Today is World AIDS Day, a time when we as a global community pause to remember the more than 25 million people who have died of AIDS around the world. It is also a time to reflect on what we have done and what we still must do to prevent further spread of HIV and to allow those 33.4 million people who are living with the virus worldwide to live full lives as family members, employees and citizens.
In the United States, we have made significant strides in addressing this issue from the first National AIDS Plan on HIV/AIDS that President Obama issued in July 2010 to the administration appropriating an additional $26 million to the Centers for Disease Control and Prevention for domestic prevention efforts.
And yet in a profound and disturbing sense, those funds are just a drop in the proverbial healthcare budget as we continue to under-invest in HIV prevention and strain to pay the treatment costs of those who are already infected with HIV.

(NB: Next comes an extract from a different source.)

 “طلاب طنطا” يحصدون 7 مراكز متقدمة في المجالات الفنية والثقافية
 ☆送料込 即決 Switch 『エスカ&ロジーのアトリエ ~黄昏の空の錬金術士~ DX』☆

In July 2010, U.S. Secretary of Health and Human Services Kathleen Sebelius issued $25 million in emergency funding for states that are on the waiting list for the AIDS Drug Assistance Program, a federal initiative that provides free medications for the treatment of HIV/AIDS and opportunistic infections. Yet despite the additional funding, nine states including Florida, Georgia, Iowa, Louisiana, Montana, North Carolina, Ohio, Rhode Island, and South Carolina still have waiting lists for the program. In addition to these waiting lists, several states have changed their eligibility requirements leaving many people without access to much needed assistance and at high risk of stopping their life saving treatments.
I applaud Secretary Sebelius for her efforts, but how will states afford the HIV treatment bills for those who already have the virus, let alone those newly infected next year? What will the newly inflamed debate about healthcare reform mean for people living with HIV? [Read more about healthcare reform.]

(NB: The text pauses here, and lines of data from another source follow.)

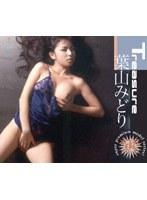 Treasure 葉山みどり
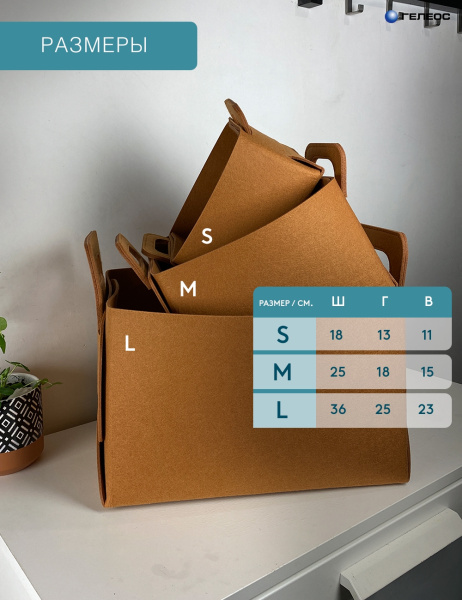 Короб ГЕЛЕОС Войлок (25х18х15 (M), рыжий) (арт. ВЛК-РМ)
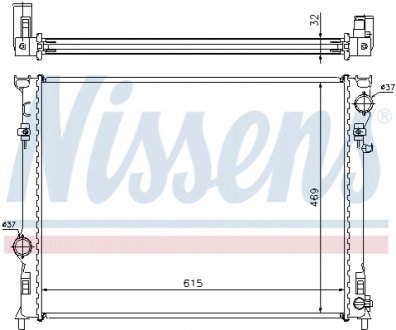 Теплообменник NISSENS 61014A (фото 1)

We must redouble our public and private funding for HIV prevention efforts particularly in geographic hot spots of the epidemic like Washington, D.C., where the HIV infection rate is 12 times the national average and black women are at very high risk of infection.

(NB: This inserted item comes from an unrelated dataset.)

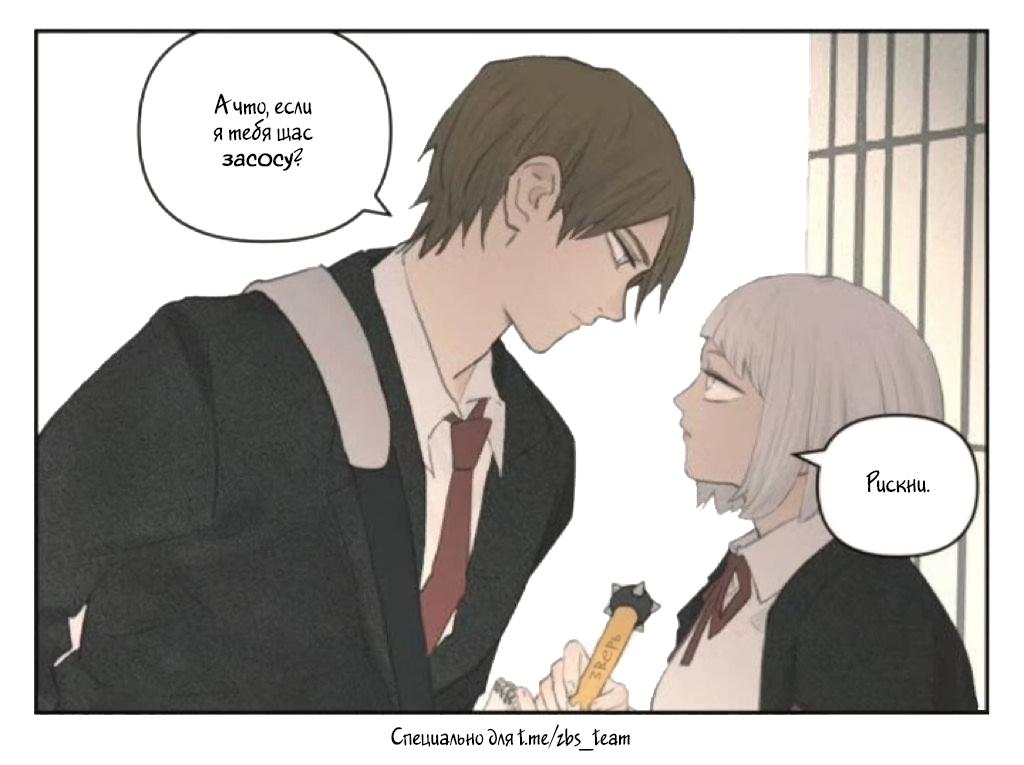 Read Нань Хао и Шан Фэнь Manga Online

We must also redouble our efforts with gay and bisexual men who continue to represent most of the HIV cases in the United States. And while this is not new news, the fact that 68 percent of men who are infected with HIV by another man are infected by their primary partner means that much more effective prevention can be done with this population.
Given the rise in infection rates among this population and others, it is also important for us as a global community to look beyond traditional prevention tactics and work toward creating, funding and supporting new models that may be more successful.
We must accelerate the discussions about more effective prevention efforts among policy makers as well as private and public donors that were sparked by the National AIDS Plan. Otherwise, we will have fewer strides to celebrate and more lives to mourn during World AIDS Days to come.